Difference b/w loss.backward() and mx.autograd.backwars([loss])

Dear all,
I’m facing trouble figuring out what is the difference between using .backward() and mx.autograd.backward to calculate gradients. The documentation doesn’t provide any difference. Once when I was optimizing 2 objective functions loss1 and loss2 using loss1.backward(), loss2.backward() Then it shows error:

Check failed: !AGInfo::IsNone(*i) Cannot differentiate node because it is not in a computational graph. You need to set is_recording to true or use autograd.record() to save computational graphs for backward. If you want to differentiate the same graph twice, you need to pass retain_graph=True to backward.

While mx.autograph.backward([loss1, loss2]) works fine.

Any help is appreciated.

As far as I know, when you call autograd.backward, it would go through all heads you provide, calculate gradients and sum them in grad properties of the respected weights. After that the graph would be removed.

So it is the same as if you summed up the loss manually and do the gradient on summed loss:

with autograd.record():
    out = model(data1)
    loss1 = loss_fn1(out, label)
    loss2 = loss_fn2(out, label)
    loss = loss1 + loss2

loss.backward()

Compare to that, when you call backwards separately on losses, the graph is destroyed by default after the first call and the second call fails, because there is no graph anymore. You can change this behaviour by preserving the graph after the first call: loss1.backward(retain_graph=True).

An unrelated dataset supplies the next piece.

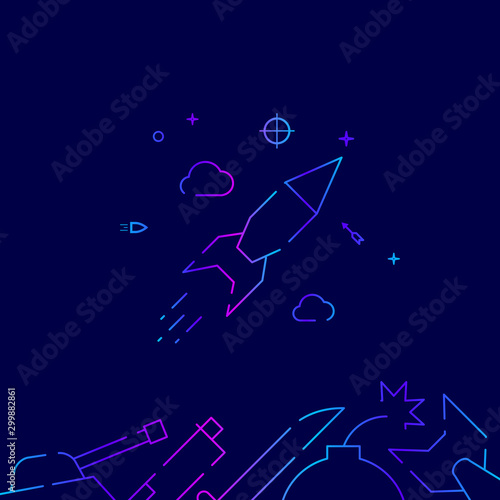 Ballistic missile, rocket flight vector gradient line icon, illustration on dark blue background. Related bottom border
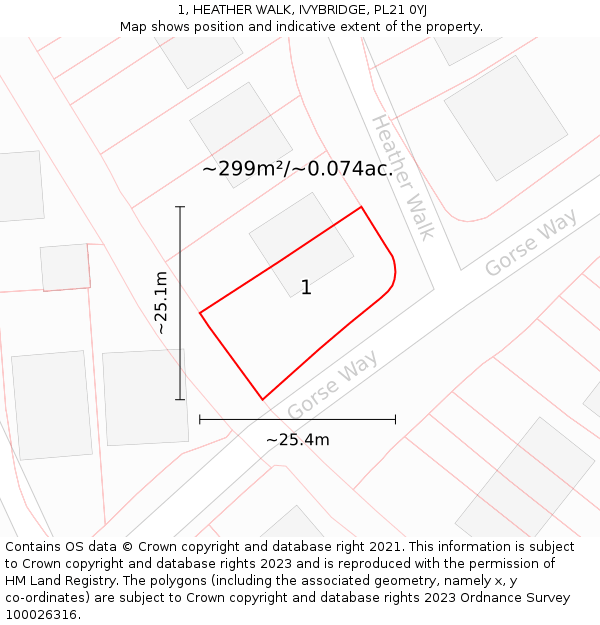 1, HEATHER WALK, IVYBRIDGE, PL21 0YJ: Plot and title map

But notice, that the call of loss2.backward will overwrite the gradients calculated by the first loss. If you want them to be accumulated, you need to set model.collect_params().setattr('grad_req', 'add') - this will keep gradients and sum them up (don’t forget to zero out gradients after each iteration - https://mxnet.incubator.apache.org/api/python/gluon/gluon.html?highlight=zero_#mxnet.gluon.ParameterDict.zero_grad)

1 Like

Thank you very much for such clear explanation.